Copenhagen Fashion Week launched a decade ago this month with only a few shows and even less support from both inside the industry and out. When it kicks off Wednesday, it will have a very different story to tell.
“When we started ten years ago, fashion was one of the biggest export industries in Denmark, but somehow people never took it seriously,” says Anne Christine Persson, the vice president and development director of the event. “Our goal was to create an identity that this is something we are doing really well. We have an aesthetic that other markets are super interested in and it has become a very major business and now there is a real pride in what we are doing.”
Persson, a 40-year-old originally from Copenhagen, was the first hire by Copenhagen Fashion Week chief executive Eva Kruse. She never even planned to be in fashion, but after a stint in New York at the public relations firm People’s Revolution, she fell in love with New York Fashion Week and wanted to create something similar for Danish designers. Over the years, she has been the driving force in the evolution of Danish fashion, working behind the scenes to promote on an international scale both the work of local fashion talents and the Scandinavian design aesthetic as a whole.
Today, Copenhagen Fashion Week draws editors and buyers from around the globe, eager to see the latest work of some of Copenhagen’s best-known names like Henrik Vibskov (“one of our most talented Danish designers”), Ganni, Anne Sofie Madsen (“very avant-garde”), Asger Juel Larsen, and Freya Dalsjo. Aside from those designer mainstays, Persson says they’ve been focused on adding more menswear names to the schedule. “Definitely look out for Tonsure, a menswear label by a designer who used to work for [Maison] Margiela,” she says of Malte Flagstad, who graduated from Central Saint Martins before launching the line, which will open CPHFW.

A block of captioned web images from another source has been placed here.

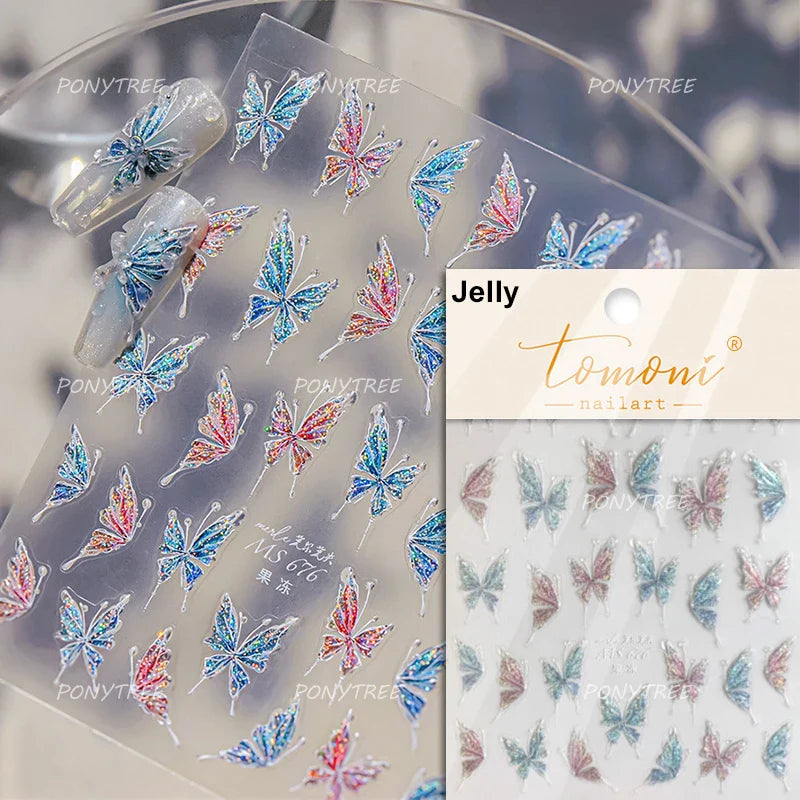 Butterfly Peach Blossom Flowers Lantern Star Tassel Pendant Gold Hot Stamping Self Adhesive Nail Art Stickers Manicure Decals (ONLINE ORDER ONLY)
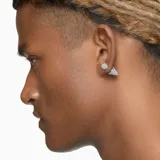 Par de aros de botón plateados con cristales blancos incrustados.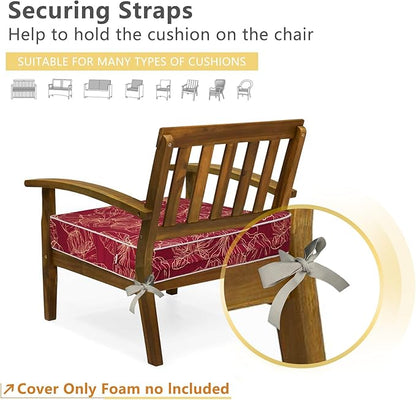 Porch Shield Outdoor Cushion Slipcovers Patio Chair Seat Cushion Covers Set 4 Waterproof Fade Resistant 22 x 20 x 4 inch, Summer Blooming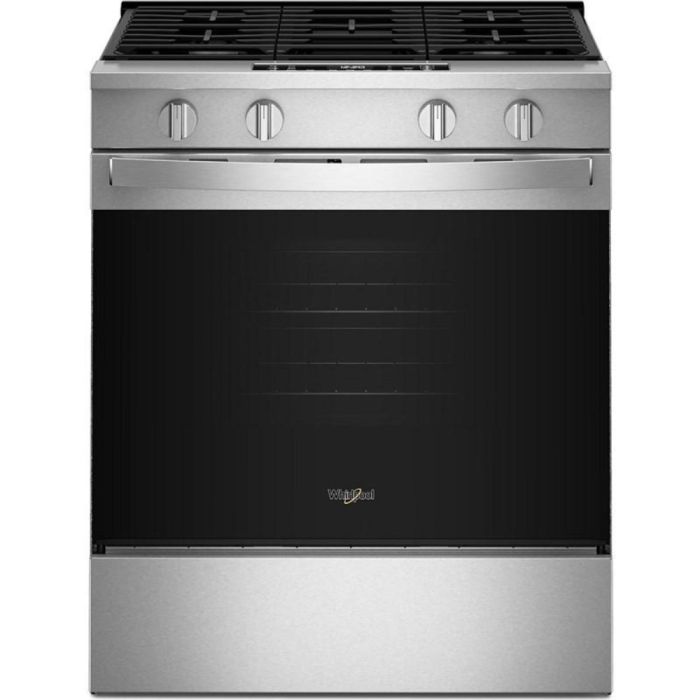 Cuisinière 30 Po. Gaz Whirlpool WSGS3530SS  Inox 4 bruleurs       largeur 30 pouces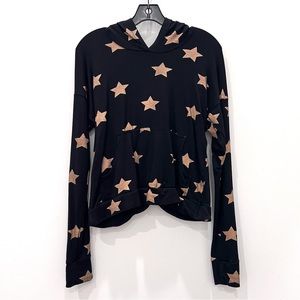 TEREZ rose gold foil star hoodie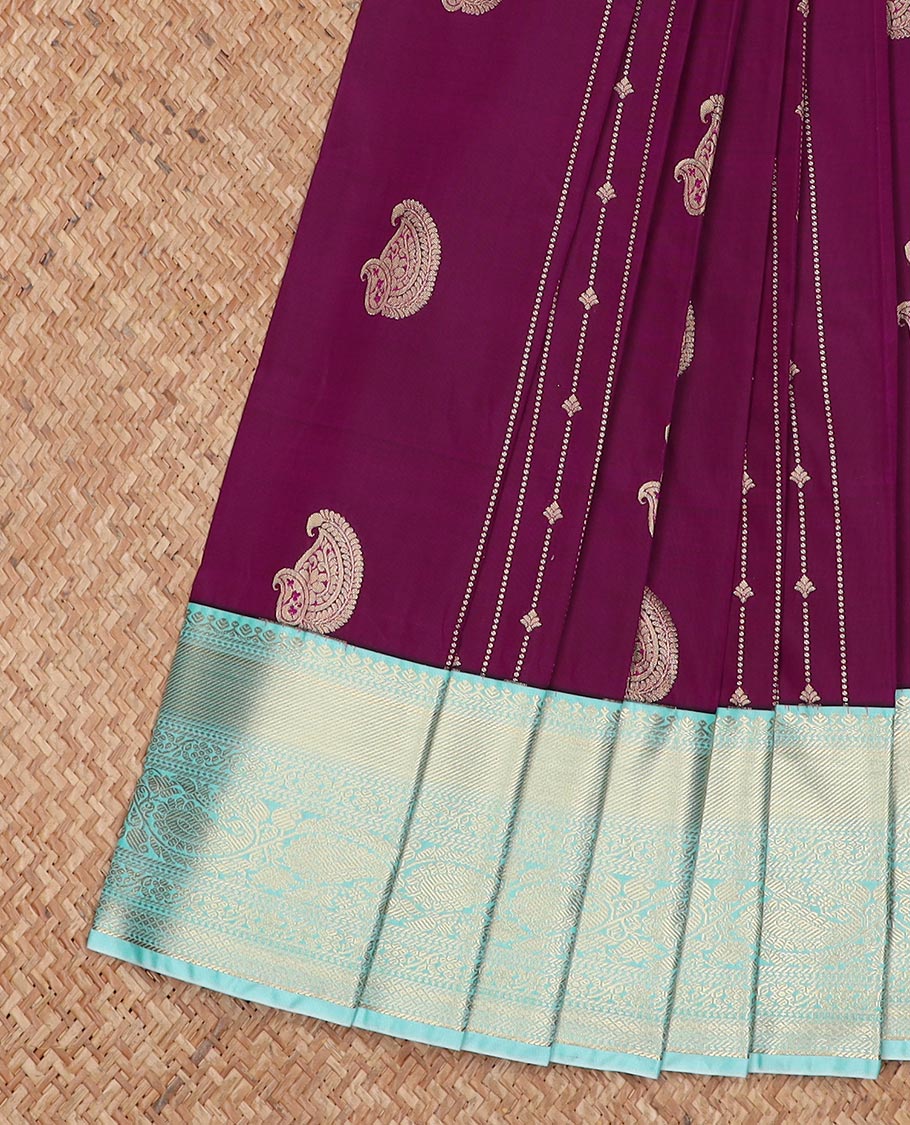 Purple zari design gift saree, contrast traditional zari design border, and jaal pallu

There’s no denying the world’s current obsession with all things Danish, from its food scene to its design. It’s an inexplicable blend of elegant and edgy that everyone wants in on. “We are a force to be reckoned with,” says Persson of the current Danish fashion industry. “It’s accessible, classic, Copenhagen cool. There is something about it that really catches the vibe of people right now. It has this coolness to it that is innate and very much in our culture and lifestyle that is projected into our clothing.”

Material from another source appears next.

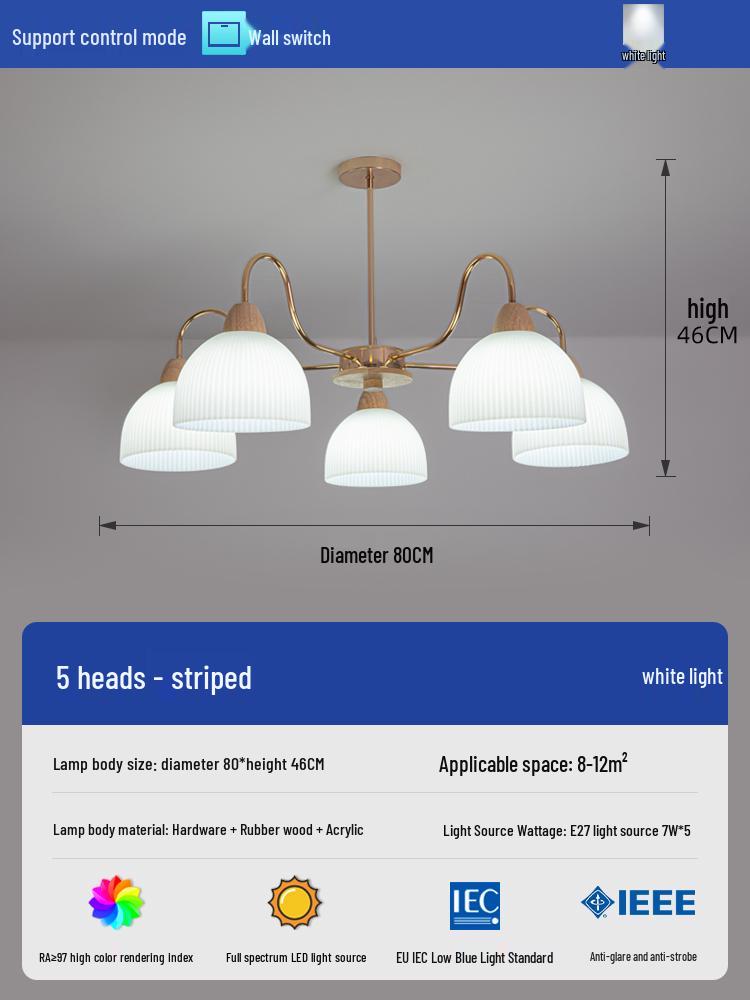 2025 Mid-Century Japanese Cream Solid Wood Chandelier for Living Room, Hall & Bedroom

The challenge for these designers, however, remains competing with fashion’s current exasperating pace. “When you look at major brands like H&M, they are fast at production. It’s hard for Danish designers, or designers anywhere around the world right now, to keep up with the growing competition and speed,” says Persson. She and her cohorts have instead focused their efforts on the sustainability of their clothes, something Denmark as a country has been a leader in for years. “We want to be the most sustainable fashion week in the world,” she says.

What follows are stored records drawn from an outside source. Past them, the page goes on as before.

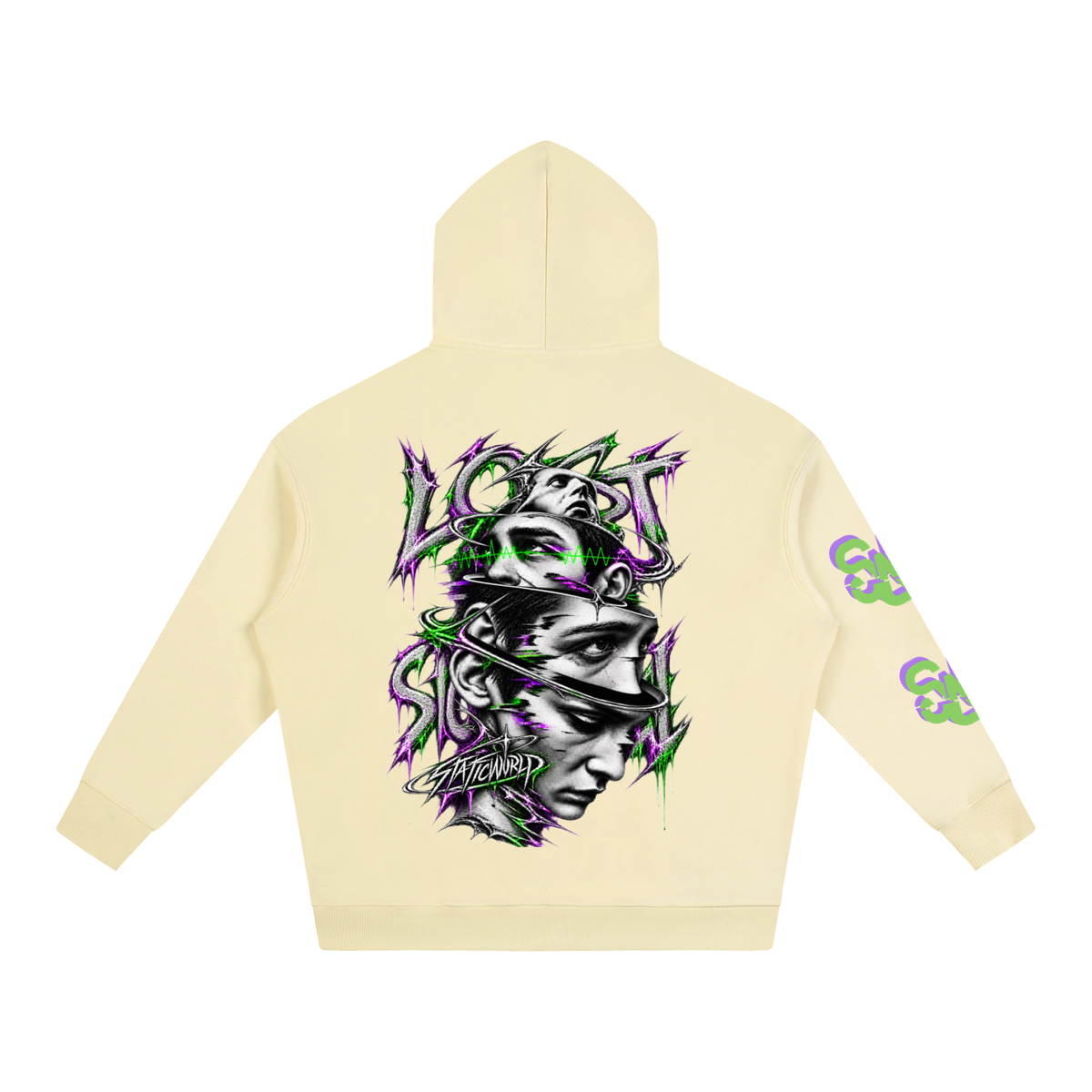 LOST SIGNAL DISTRESSED HOODIE - white/cream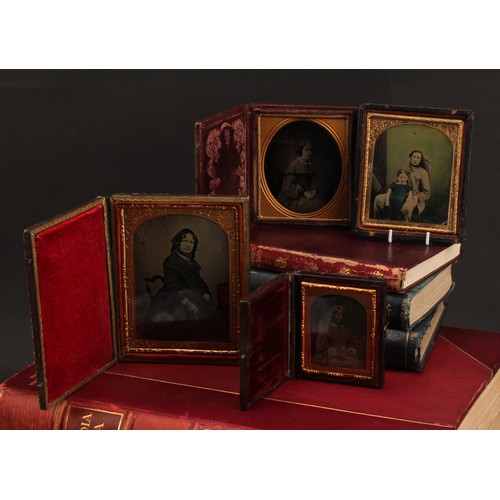 1507 - Daguerreotypes/Ambrotypes - 19th century portraits, seated ladies, coloured Father and daughter, thr... 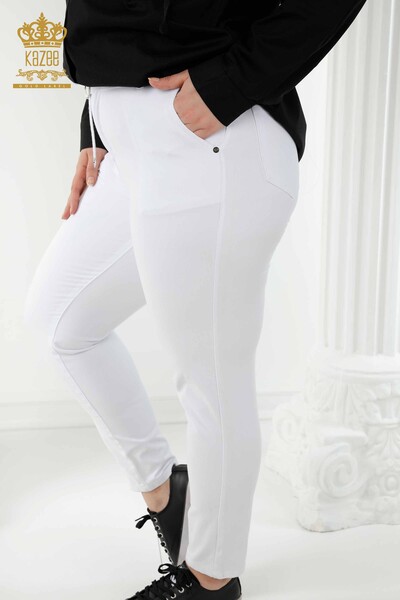 Pantaloni de blugi dama cu ridicata albi cu centura - 3468 | KAZEE - 5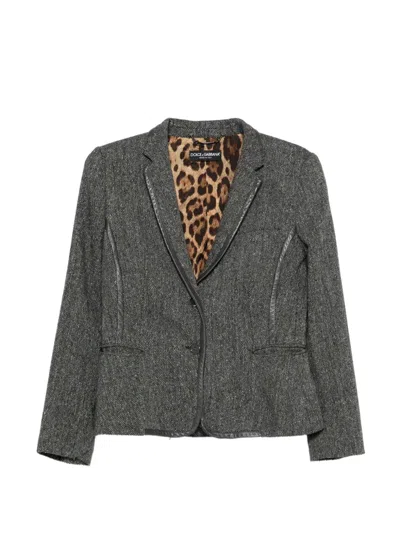 Pre-owned Dolce & Gabbana Lambskin Trim Jacket In Gray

That’s not all the ambitious Persson has planned—she’s eager to make Copenhagen the fifth fashion city in the world. Part of doing that will be banding together with the rest of the Scandinavian countries (namely Sweden) to combine into one fashion week in Denmark.
“Scandinavian fashion has something we could all relate to. Getting them all together would make it stronger for everyone and I would love to make that happen,” she says. “Less is more.”